Available data -
..........

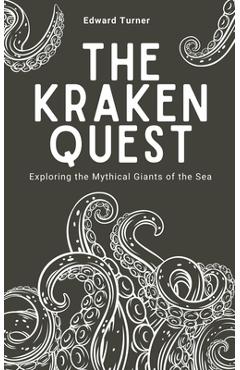 Coperta cărții 'The Kraken Quest: Exploring the Mythical Giants of the Sea - Edward Turner'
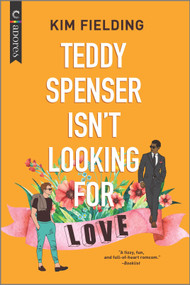 Teddy Spenser Isn't Looking for Love (A Gay New Adult Romance) by Kim Fielding, 9781335971999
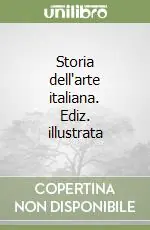 Storia dell‘arte italiana. Ediz. illustrata Quantità Limitata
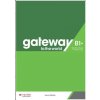 Gateway to the World B1+ Teacher's Book with Teacher's App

..........

Task statement - Print only the lines from the one with "Storia dell‘arte italiana." through the last line of the data above, exactly and with both ends, and please omit any pictures.

Solution for this task -
 Storia dell‘arte italiana. Ediz. illustrata Quantità Limitata
 Gateway to the World B1+ Teacher's Book with Teacher's App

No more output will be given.